- Aim of the task
Everything in the listing should be restated word for word.

- Dataset records
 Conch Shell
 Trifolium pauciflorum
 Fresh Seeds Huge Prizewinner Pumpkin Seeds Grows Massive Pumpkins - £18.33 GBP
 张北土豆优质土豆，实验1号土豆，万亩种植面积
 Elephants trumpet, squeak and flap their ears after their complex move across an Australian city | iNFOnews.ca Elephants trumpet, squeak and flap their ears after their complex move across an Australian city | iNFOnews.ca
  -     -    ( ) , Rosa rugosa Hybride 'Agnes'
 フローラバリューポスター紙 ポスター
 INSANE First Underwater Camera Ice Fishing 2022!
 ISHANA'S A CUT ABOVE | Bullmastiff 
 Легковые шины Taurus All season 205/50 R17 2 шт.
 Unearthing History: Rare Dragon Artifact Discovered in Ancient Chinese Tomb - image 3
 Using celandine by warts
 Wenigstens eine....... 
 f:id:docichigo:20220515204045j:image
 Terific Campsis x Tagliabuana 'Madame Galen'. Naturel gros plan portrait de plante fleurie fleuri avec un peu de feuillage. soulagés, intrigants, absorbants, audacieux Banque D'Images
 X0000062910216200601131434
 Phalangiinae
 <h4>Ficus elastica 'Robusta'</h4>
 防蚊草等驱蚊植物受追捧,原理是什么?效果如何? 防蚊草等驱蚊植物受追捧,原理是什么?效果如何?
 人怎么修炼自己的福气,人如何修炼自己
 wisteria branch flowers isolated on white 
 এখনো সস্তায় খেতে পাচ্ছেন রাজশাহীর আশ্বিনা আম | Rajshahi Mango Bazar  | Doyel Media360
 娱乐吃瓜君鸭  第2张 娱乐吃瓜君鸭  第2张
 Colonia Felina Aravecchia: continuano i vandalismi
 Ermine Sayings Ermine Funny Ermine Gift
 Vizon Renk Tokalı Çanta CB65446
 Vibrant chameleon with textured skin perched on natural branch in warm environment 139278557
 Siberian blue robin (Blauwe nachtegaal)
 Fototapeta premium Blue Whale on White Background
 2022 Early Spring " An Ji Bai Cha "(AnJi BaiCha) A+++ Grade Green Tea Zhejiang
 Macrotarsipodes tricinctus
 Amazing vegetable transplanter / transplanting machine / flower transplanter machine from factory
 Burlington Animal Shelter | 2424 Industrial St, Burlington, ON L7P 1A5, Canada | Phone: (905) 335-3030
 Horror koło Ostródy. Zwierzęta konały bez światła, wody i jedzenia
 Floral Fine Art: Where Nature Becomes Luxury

- Result for this exercise
 Conch Shell
 Trifolium pauciflorum
 Fresh Seeds Huge Prizewinner Pumpkin Seeds Grows Massive Pumpkins - £18.33 GBP
 张北土豆优质土豆，实验1号土豆，万亩种植面积
 Elephants trumpet, squeak and flap their ears after their complex move across an Australian city | iNFOnews.ca Elephants trumpet, squeak and flap their ears after their complex move across an Australian city | iNFOnews.ca
  -     -    ( ) , Rosa rugosa Hybride 'Agnes'
 フローラバリューポスター紙 ポスター
 INSANE First Underwater Camera Ice Fishing 2022!
 ISHANA'S A CUT ABOVE | Bullmastiff 
 Легковые шины Taurus All season 205/50 R17 2 шт.
 Unearthing History: Rare Dragon Artifact Discovered in Ancient Chinese Tomb - image 3
 Using celandine by warts
 Wenigstens eine....... 
 f:id:docichigo:20220515204045j:image
 Terific Campsis x Tagliabuana 'Madame Galen'. Naturel gros plan portrait de plante fleurie fleuri avec un peu de feuillage. soulagés, intrigants, absorbants, audacieux Banque D'Images
 X0000062910216200601131434
 Phalangiinae
 <h4>Ficus elastica 'Robusta'</h4>
 防蚊草等驱蚊植物受追捧,原理是什么?效果如何? 防蚊草等驱蚊植物受追捧,原理是什么?效果如何?
 人怎么修炼自己的福气,人如何修炼自己
 wisteria branch flowers isolated on white 
 এখনো সস্তায় খেতে পাচ্ছেন রাজশাহীর আশ্বিনা আম | Rajshahi Mango Bazar  | Doyel Media360
 娱乐吃瓜君鸭  第2张 娱乐吃瓜君鸭  第2张
 Colonia Felina Aravecchia: continuano i vandalismi
 Ermine Sayings Ermine Funny Ermine Gift
 Vizon Renk Tokalı Çanta CB65446
 Vibrant chameleon with textured skin perched on natural branch in warm environment 139278557
 Siberian blue robin (Blauwe nachtegaal)
 Fototapeta premium Blue Whale on White Background
 2022 Early Spring " An Ji Bai Cha "(AnJi BaiCha) A+++ Grade Green Tea Zhejiang
 Macrotarsipodes tricinctus
 Amazing vegetable transplanter / transplanting machine / flower transplanter machine from factory
 Burlington Animal Shelter | 2424 Industrial St, Burlington, ON L7P 1A5, Canada | Phone: (905) 335-3030
 Horror koło Ostródy. Zwierzęta konały bez światła, wody i jedzenia
 Floral Fine Art: Where Nature Becomes Luxury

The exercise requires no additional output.